• _About this exercise_
Word for word, reproduce every line of the data.
○ ○ ○ ○
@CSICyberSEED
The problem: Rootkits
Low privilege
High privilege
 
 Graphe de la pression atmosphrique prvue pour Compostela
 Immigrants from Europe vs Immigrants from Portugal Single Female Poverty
○ ○ ○ ○
• _Solution_
@CSICyberSEED
The problem: Rootkits
Low privilege
High privilege
 
 Graphe de la pression atmosphrique prvue pour Compostela
 Immigrants from Europe vs Immigrants from Portugal Single Female Poverty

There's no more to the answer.